### WHAT YOU ARE ASKED TO DO
In the entries below, find the line with "GRAT 12118 —" and the line with "navy blue silk"; reproduce those two lines and all lines between them exactly, without pictures.

### MATERIAL FOR THE TASK
=====

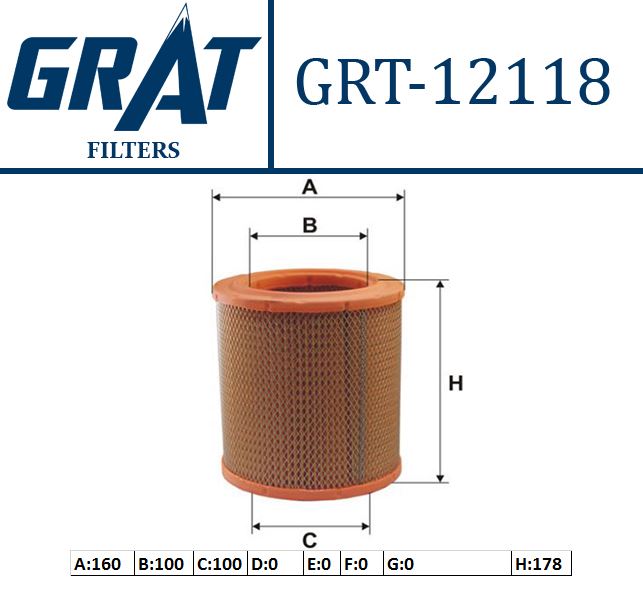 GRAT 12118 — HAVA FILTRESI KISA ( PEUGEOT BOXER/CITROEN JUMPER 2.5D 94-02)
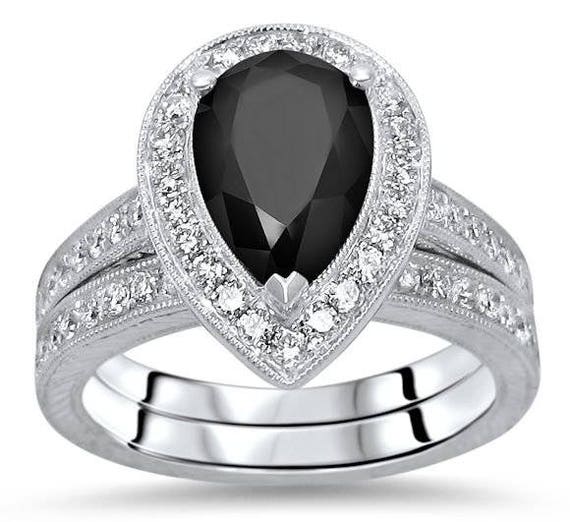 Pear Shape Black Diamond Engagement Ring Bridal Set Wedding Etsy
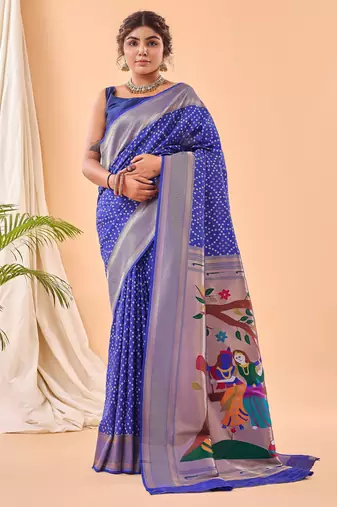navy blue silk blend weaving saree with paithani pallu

=====

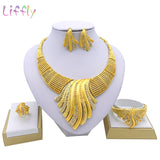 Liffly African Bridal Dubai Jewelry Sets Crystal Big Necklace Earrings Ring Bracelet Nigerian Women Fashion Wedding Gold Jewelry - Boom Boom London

=====

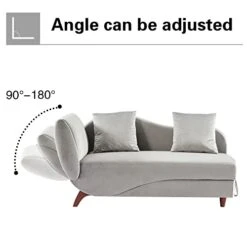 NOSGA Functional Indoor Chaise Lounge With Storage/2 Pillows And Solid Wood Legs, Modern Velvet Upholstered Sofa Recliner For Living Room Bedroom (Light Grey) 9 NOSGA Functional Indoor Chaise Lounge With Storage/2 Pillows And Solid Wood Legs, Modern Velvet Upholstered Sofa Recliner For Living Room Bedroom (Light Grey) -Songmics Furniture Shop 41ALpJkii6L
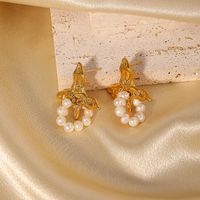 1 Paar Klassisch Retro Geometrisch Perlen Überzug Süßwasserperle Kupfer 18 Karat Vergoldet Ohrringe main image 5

=====

### OUTPUT BELOW
 GRAT 12118 — HAVA FILTRESI KISA ( PEUGEOT BOXER/CITROEN JUMPER 2.5D 94-02)
 Pear Shape Black Diamond Engagement Ring Bridal Set Wedding Etsy
navy blue silk blend weaving saree with paithani pallu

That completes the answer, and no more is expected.